**TASK TO CARRY OUT**: Your copy should start at the line with "a large white" and end at the line with "Un membro dell'Eritrea" in the data below. Transcribe only those lines, exactly, pictures excluded.

▼

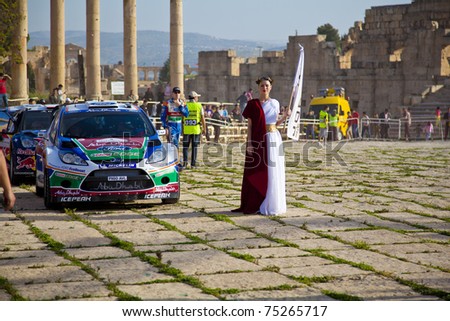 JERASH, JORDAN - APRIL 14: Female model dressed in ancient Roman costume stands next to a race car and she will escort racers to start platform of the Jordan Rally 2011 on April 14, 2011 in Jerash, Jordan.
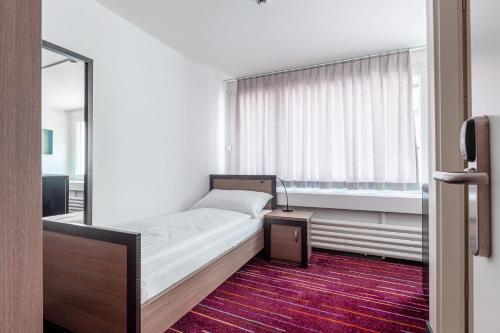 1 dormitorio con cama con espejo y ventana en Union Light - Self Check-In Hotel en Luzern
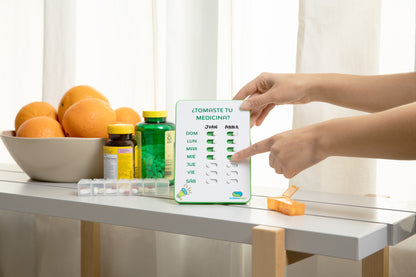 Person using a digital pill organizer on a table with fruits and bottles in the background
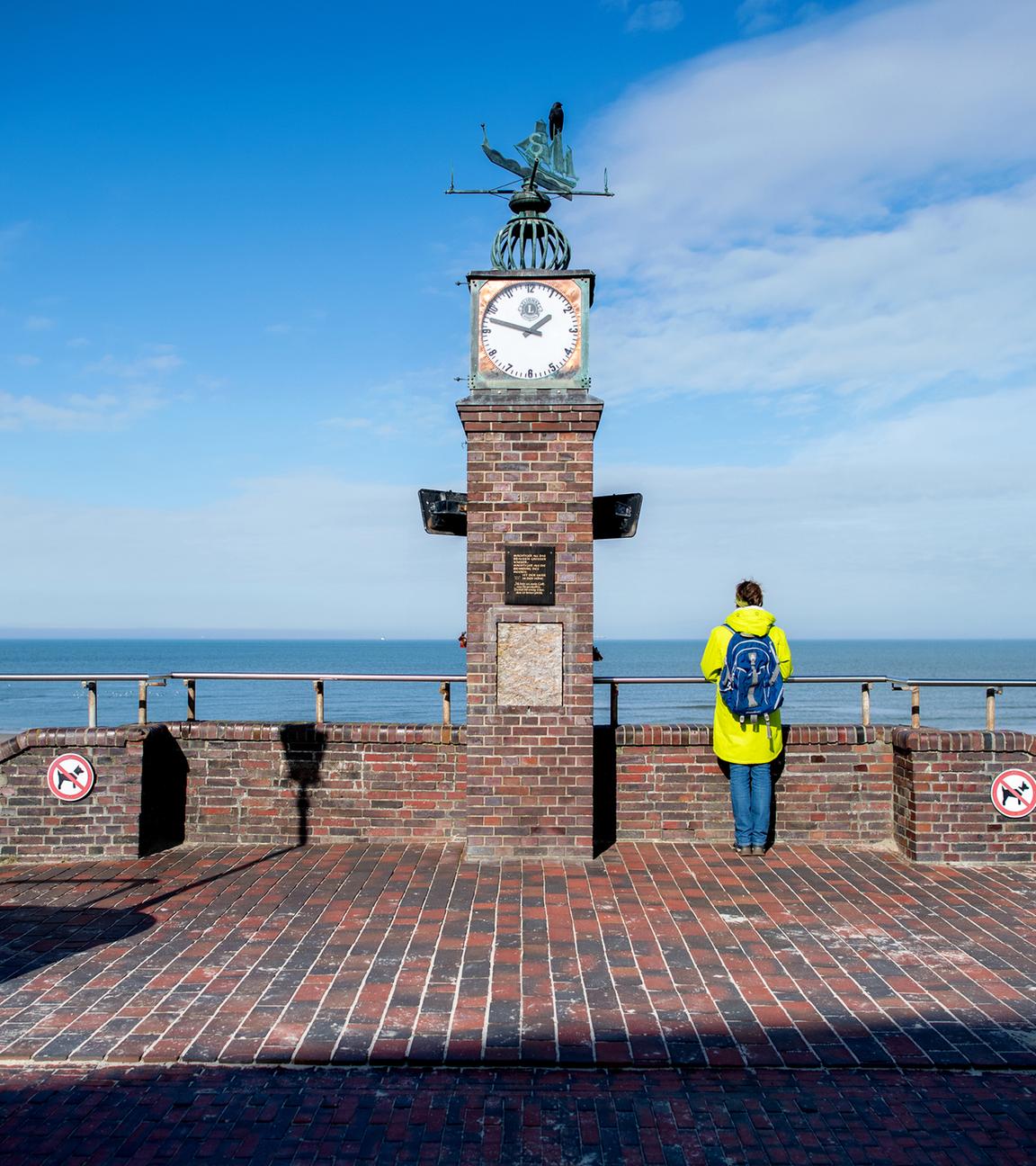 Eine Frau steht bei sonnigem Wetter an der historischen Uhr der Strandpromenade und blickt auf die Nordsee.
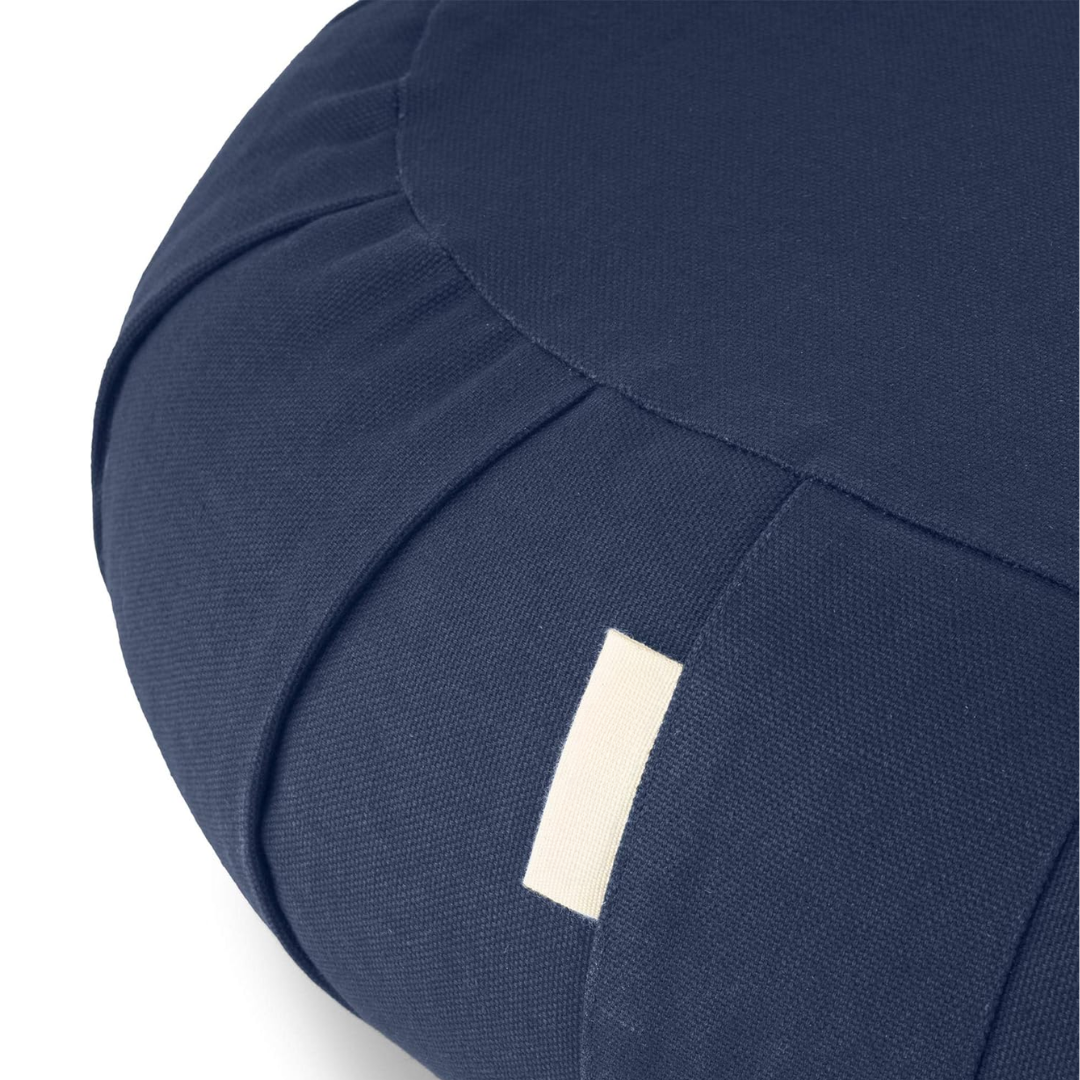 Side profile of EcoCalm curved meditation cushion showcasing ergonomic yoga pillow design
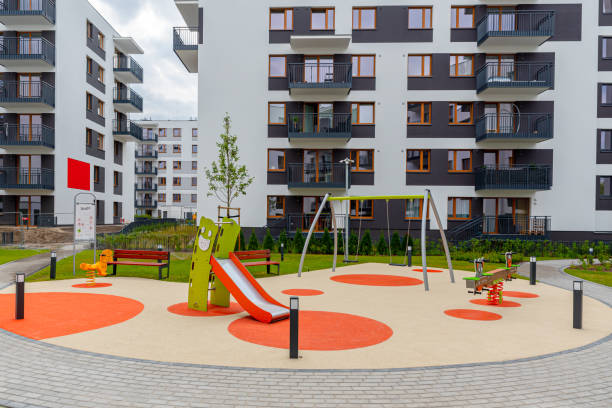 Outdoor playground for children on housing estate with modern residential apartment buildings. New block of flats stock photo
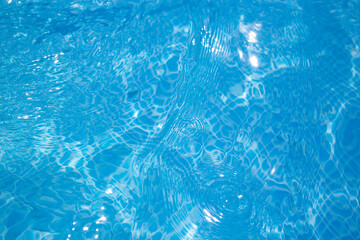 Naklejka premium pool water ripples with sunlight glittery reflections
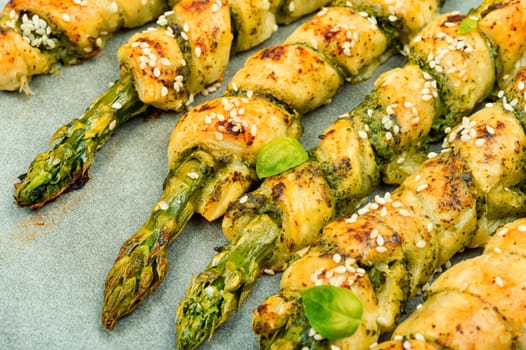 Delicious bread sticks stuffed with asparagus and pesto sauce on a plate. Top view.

▲
▼

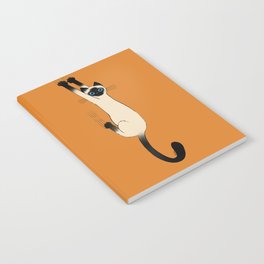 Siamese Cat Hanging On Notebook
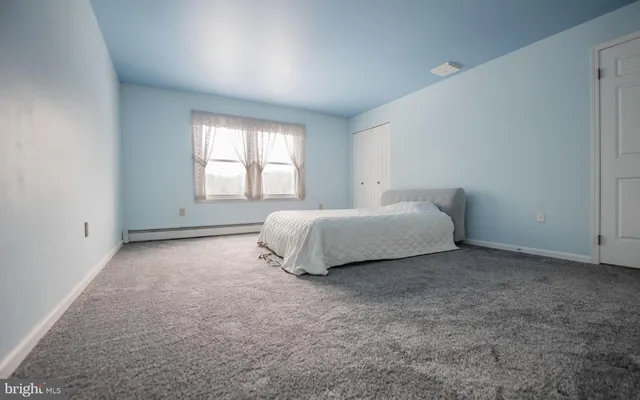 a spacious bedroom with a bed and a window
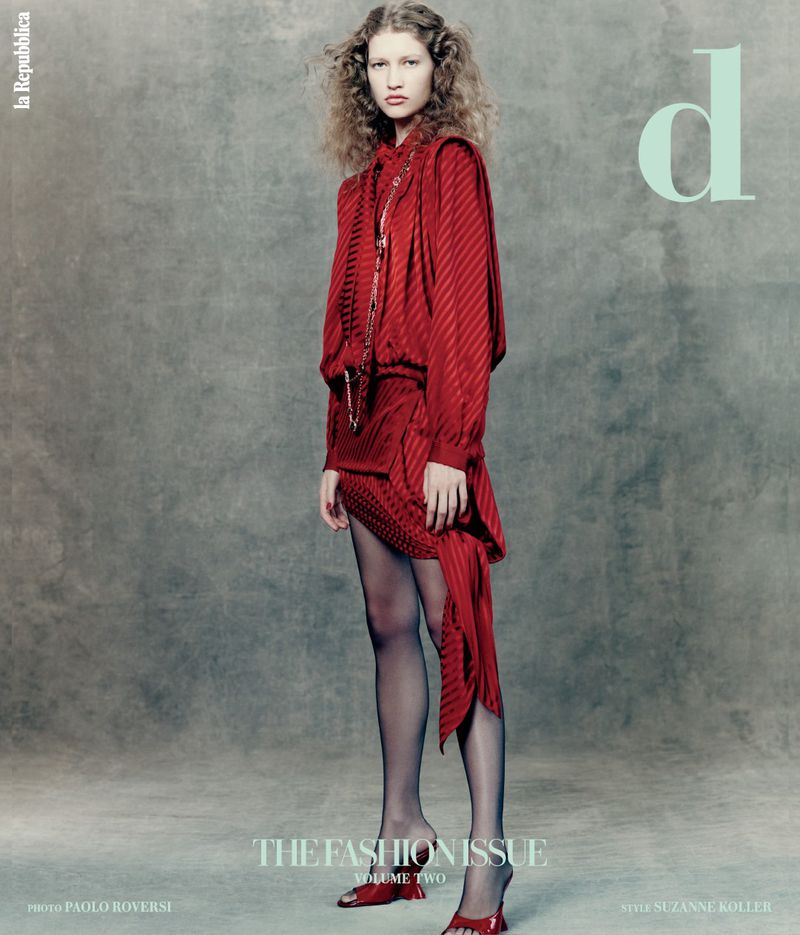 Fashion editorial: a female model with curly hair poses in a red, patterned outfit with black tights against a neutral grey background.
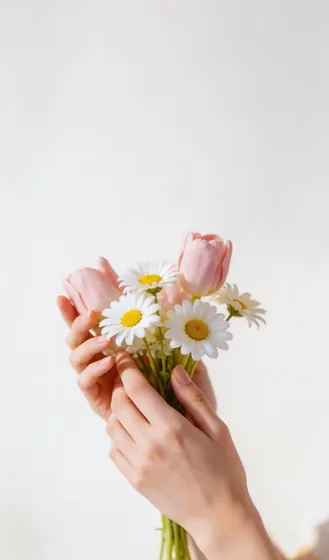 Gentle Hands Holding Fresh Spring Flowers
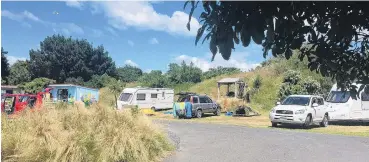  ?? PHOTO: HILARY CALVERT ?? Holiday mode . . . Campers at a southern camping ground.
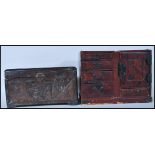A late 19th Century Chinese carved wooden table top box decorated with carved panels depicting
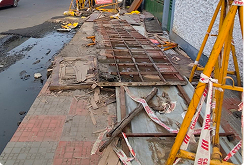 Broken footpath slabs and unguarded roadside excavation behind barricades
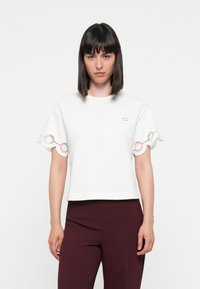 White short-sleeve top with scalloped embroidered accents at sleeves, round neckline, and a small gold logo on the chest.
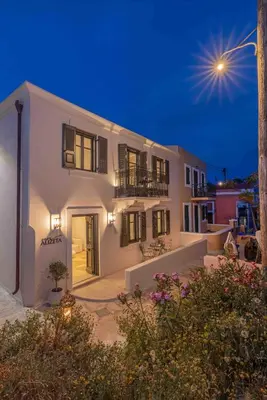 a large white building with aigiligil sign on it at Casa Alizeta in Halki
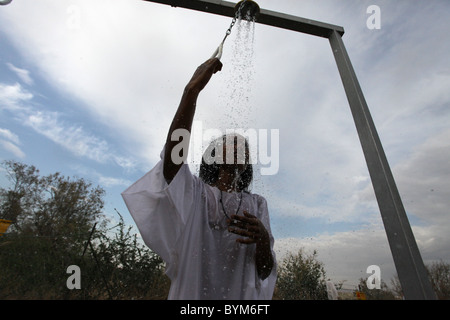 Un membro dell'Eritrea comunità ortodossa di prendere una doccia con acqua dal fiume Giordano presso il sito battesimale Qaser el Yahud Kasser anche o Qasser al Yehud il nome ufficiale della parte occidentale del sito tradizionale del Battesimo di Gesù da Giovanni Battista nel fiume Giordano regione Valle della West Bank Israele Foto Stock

▲

**SOLUTION TO THIS EXERCISE**:
 a large white building with aigiligil sign on it at Casa Alizeta in Halki
 Un membro dell'Eritrea comunità ortodossa di prendere una doccia con acqua dal fiume Giordano presso il sito battesimale Qaser el Yahud Kasser anche o Qasser al Yehud il nome ufficiale della parte occidentale del sito tradizionale del Battesimo di Gesù da Giovanni Battista nel fiume Giordano regione Valle della West Bank Israele Foto Stock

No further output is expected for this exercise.